The typical gas lift system is designed based on a given inflow performance relationship (IPR) and injected gas flow rate. However, with fixed installations, the IPR and injected gas flow rate usually change as a function of time. Once the system is installed, any changes that are made to improve efficiency are generally made at intervals of weeks. This invention employs equipment and techniques which make changes continuously to optimize the profit or production.

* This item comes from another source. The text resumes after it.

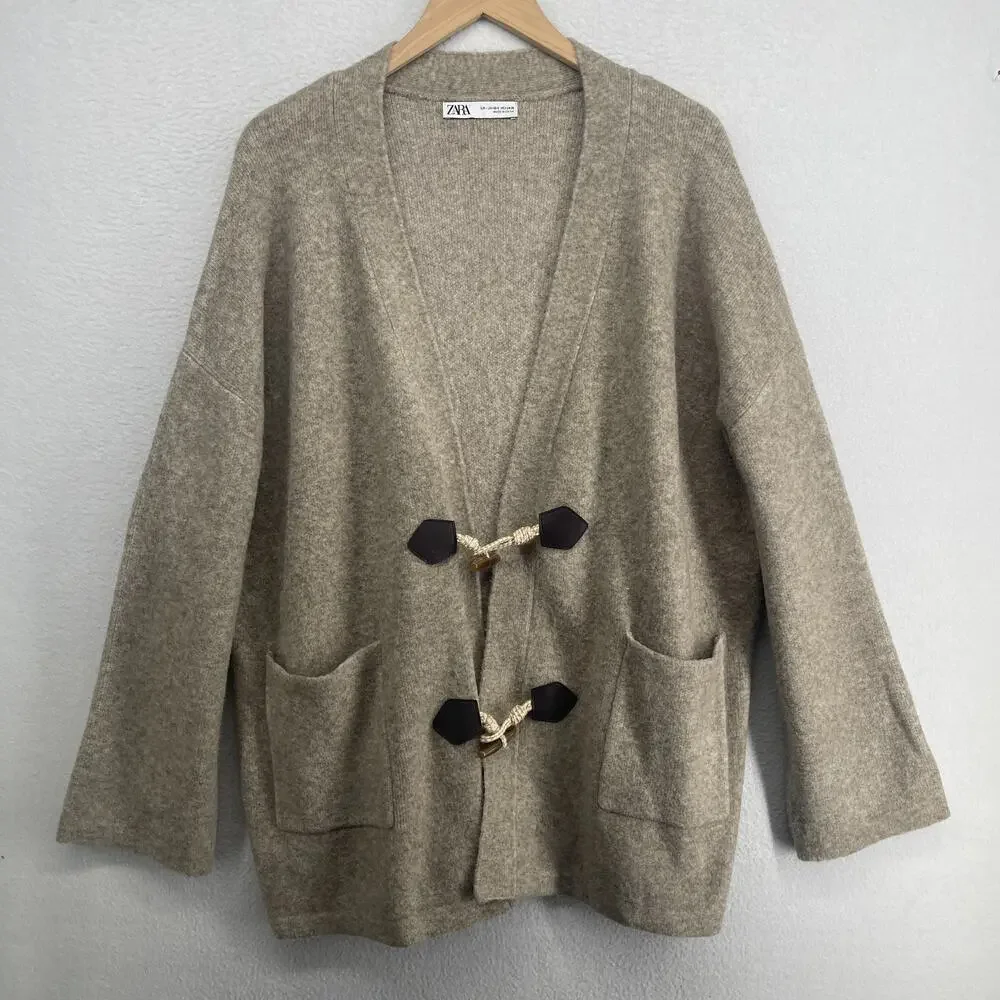 ZARA Sweater Womens XS S Wool Blend Oversized Cardigan Toggle Coatigan Beige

The desire to optimize gas lift production is not new. However, the equipment and technology capable to do so are relatively new. A definition for gas lift optimization that most people would agree with is to "obtain the maximum output under specified operating conditions." This definition does not indicate that maximum production is considered to be optimum although it could be. Producing maximum profit should be the goal of optimization. However, since a non-linear economic relationship exists between the amount of gas required to produce a well and the amount of produced oil, as shown in FIG. 2, the maximum profit from a well is not normally achieved when maximum produced oil or liquid is achieved. In addition, the costs of using the gas required and the value of the produced oil must also be considered.

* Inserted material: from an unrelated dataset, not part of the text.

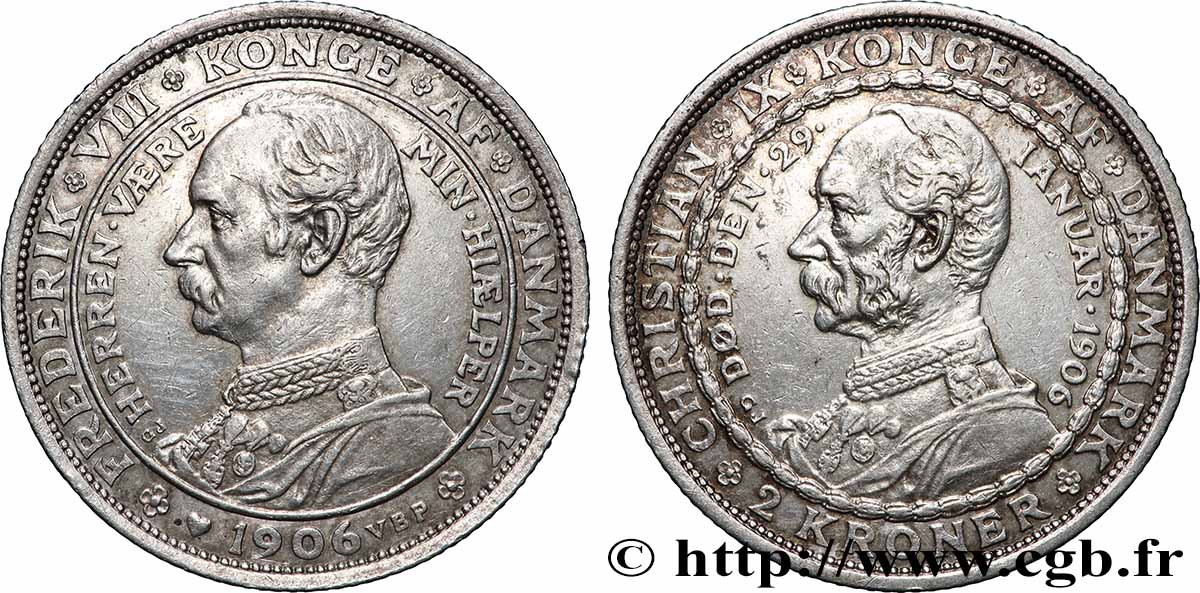 DANEMARK 2 Kroner mort de Christian IX et accession de Frédéric VIII 1906 Copenhague TTB+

There are several factors that affect the quantity of produced liquid of a gas lift installation. Certainly, the original design of the well is a major factor. The tubing size, depth and location of the injection valves are of prime importance. The reservoir as described by the productivity index or IPR curve is another important factor. However, if the problem is to optimize existing installations, little can be done about these parameters. For a given installation, the following parameters can be controlled such that the given installation can be made to produce the maximum profit of which it is capable. These parameters are injection gas supply, amount of produced liquid, control of injection gas and the method of control of the injection gas. For the purpose of this discussion, it will be assumed that the injection gas supply will always be adequate. This leaves only the measurement of the produced liquid, control of injection gas and the method of control that can be dealt with to optimize the production or profit of a gas lift well.
Because the quantity of produced liquid is used to control the injection gas flow rate, it is necessary to understand the relationship between the quantity of produced liquid and the flow rate of injection gas. FIG. 1 shows two curves. Curve number 1 is the inflow performance (IPR) curve. Curve number 2 is the tubing performance curve for a given size of tubing and a constant gas-liquid ratio. These two curves contain the primary information used in the design and optimization of gas lift wells. The intersection of these two curves at point A represents a stable operating condition. That is, the well will always operate at point A. The intersection at point B is unstable and the well will not operate at this point. Therefore, all of this discussion will be concerning the intersection at point A.
The intersection at point A will change as a function of the IPR curve 1 and the tubing performance curve 2. The IPR curve changes over time. As the reservoir pressure declines, the IPR curve will move downward. First, the following discussion assumes that the tubing performance curve 2 remains constant. Therefore, point A will move to the left which means that less liquid will be produced. Also, the IPR curve is affected by the operation of nearby wells. The reservoir pressure can change daily as a result of nearby wells being taken off or brought on line. If the reservoir pressure increases, the IPR curve will move upward. This means that point A will move to the right and more liquid will be produced. If the reservoir pressure decreases the IPR curve will move downward, point A will move to the left and less liquid will be produced. Therefore, a movement upward of the IPR curve will cause more liquid to be produced and a movement downward will cause less liquid to be produced.
Now, the following discussion assumes that the IPR curve 1 remains constant. The tubing performance curve 2 moves in an up and down direction as a function of the injection gas flow rate and flow line pressure. If the injection gas flow rate is less than that required to produce the maximum quantity of liquid, the tubing performance curve 2 will be moved upward and the intersection (point A) will be moved to the left. This means less liquid produced. As the injection gas flow rate is increased, the tubing performance curve 2 will move downward, point A will move to the right and more liquid will be produced. As the injection gas flow rate is increased, the tubing performance curve 2 will continue to move downward and more liquid will be produced. However, this continued increase in produced liquid does have a limit. When this limit is reached, any further increase in injection gas flow rate will cause the intersection at point A to move back to the left and in an upward direction and less liquid will be produced. Actually, the shape of the tubing performance curve 2 changes more than the entire curve shifting up and down. Therefore as can readily be seen, if the injection gas flow rate exceeds a given value, any further increases will cause a reduction in produced liquid.
From the above discussion, it can be seen that in order to optimize a gas lift well, the intersection of the IPR curve 1 and the tubing performance curve 2 or point A must be controlled. Actually, relatively little can be done with IPR curve. Therefore, the major element of control lies in the control of the tubing performance curve (curve No. 2). And after an installation is complete, only the injection gas flow rate can be controlled. Therefore, the present invention is directed to the control of the injection gas flow rate.